Ten minutes later he was still turning the bones over.

"Well," said Chujee impatiently, "aren't you going to let me in on the secret?"

"Sorry. I didn't believe my own senses at first. These are the bones of Men! Not fossils; fresh bones! From the looks of them they're the remains of a meal. There were three of them. From the holes in the skulls I'd say that our friend Nguchoy or his partner shot them. I'm going to get a whole specimen, if it's the last thing I do."

Chujee sighed."For a fellow who claims he hates to kill things, you're the bloodthirstiest cuss I ever saw when you hear about a new species."

"You don't understand, Chujee," objected Nawputta."I'm what's called a fanatical conservationist. Hunting for fun not only doesn't amuse me; it makes me angry when I hear about it. But securing a scientific specimen is different."

"Oh," said Chujee.

They peered out of the spruce thicket at the Man. He was a strange object to them, almost hairless, so that the scars on his yellow-brown skin showed. He carried a wooden club, and padded noiselessly over the pine needles, pausing to sniff the air. The sun glinted on the wiry bronze hair that sprouted from his chin.

Nawputta squeezed his trigger; the rifle went off with a deafening ka-pow! A fainter ka-pow! bounced back from the far wall of the gorge as the Man's body struck the ground.

"Beautiful!" cried Chujee."Right through the heart! Couldn't have done better myself. But I'd feel funny about shooting one; they look so Jmu."

Nawputta, getting out his camera, tape measure, notebook, and skinning knife, said: "In the cause of science I don't mind. Besides, I couldn't trust you not to try for a brain shot and ruin the skull."

Hours later he was still dissecting his prize and making sketches. Chujee had long since finished the job of salting the hide, and was lolling about trying to pick up a single pine needle with his tail.

"Yeah," he said, "I know it's a crime that we haven't got a tank of formaldehyde so we could pack the whole carcass back, instead of just the skin and skeleton. But we haven't got it, and never did have it, so why bellyache?"

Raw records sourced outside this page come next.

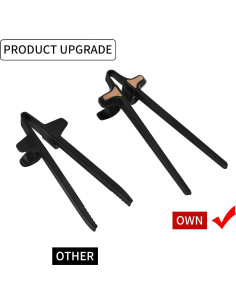 Palillos de Dedo para Jugadores - 2 Piezas - Accesorios Creativos 2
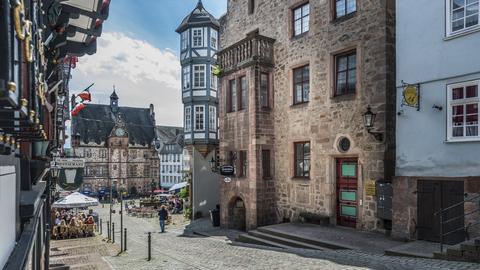 Stadt Marburg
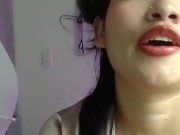 #Tease, #POV, #Lingerie, #OnlyFans, #PinUp, #Retro, #Burlesque, #Roleplay, #Glamour, #Satin, #Bubble 5/16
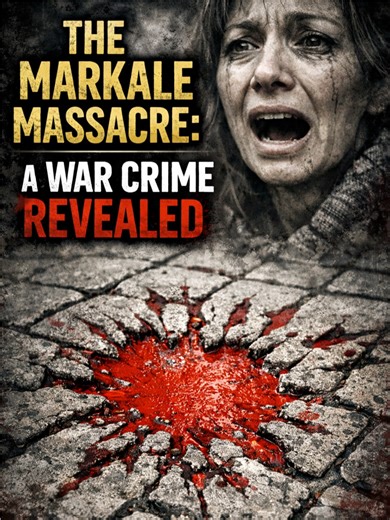 The Markale Market Massacre. The Markale Market Massacres were two separate, devastating shellings of a central marketplace in Sarajevo during the Bosnian War. On February 5, 1994, and August 28, 1995, mortar shells fired from Bosnian Serb positions struck crowded market stalls, resulting in significant civilian casualties. These events became symbols of the brutal Siege of Sarajevo and ultimately triggered NATO intervention through Operation Deliberate Force. This video provides a detailed hist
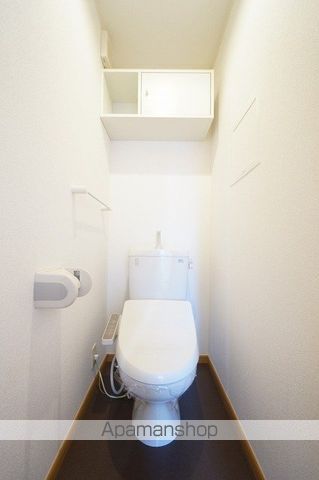 ラルジュAの内装写真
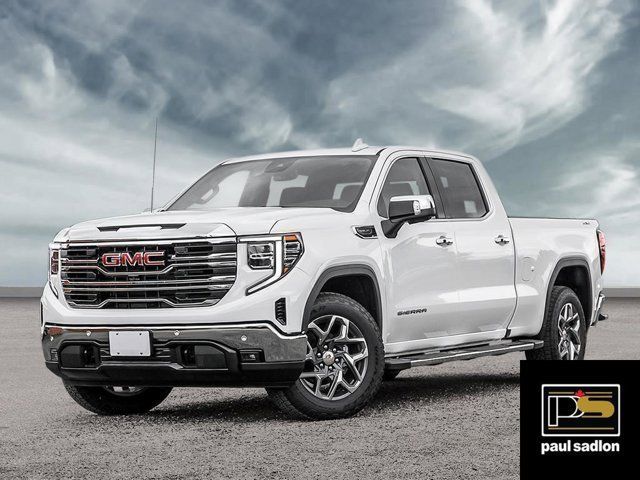 2025 GMC Sierra 1500
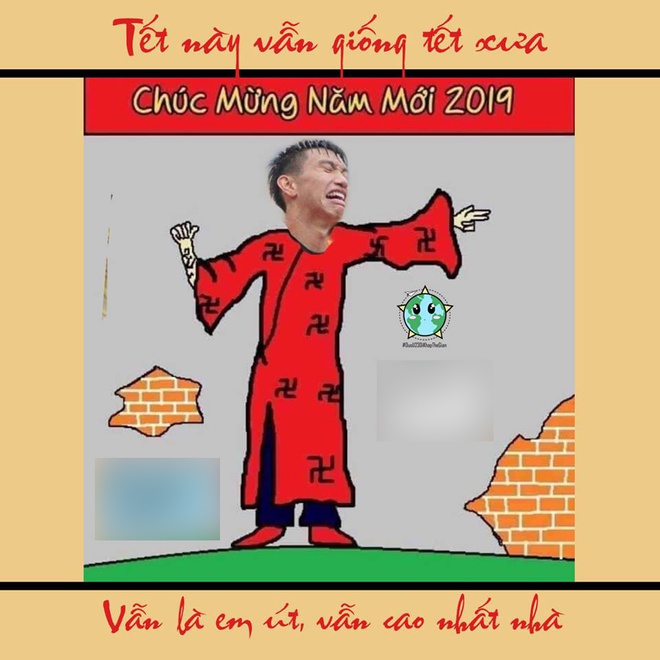 Anh che su khac nhau giua Tet xua va nay cua tuyen thu Viet Nam hinh anh 9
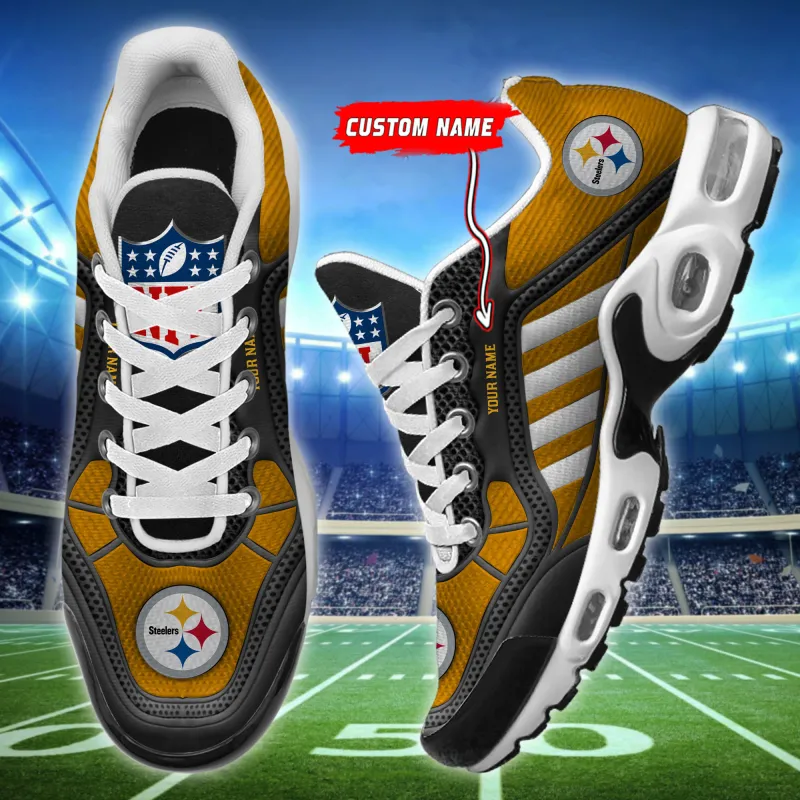 Personalized Steelers Sneakers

Much as he respected Nawputta, the zoologist got on his nerves at times. Not that he didn't appreciate the scientific point of view; he was well-read and had some standing as an amateur naturalist. But, having managed expeditions for years, he had long been resigned to the fact that you can carry only so much equipment at a time.

He sat up suddenly with a warning "S-s-st!" Fifty feet away a human face peered out of a patch of brake ferns. He reached stealthily for his rifle; the face vanished. The hair on Chujee's neck and scalp rose. He had never seen such a concentration of malevolent hatred in one countenance. The ferns moved, and there was a brief flash of yellow-brown skin among the trees.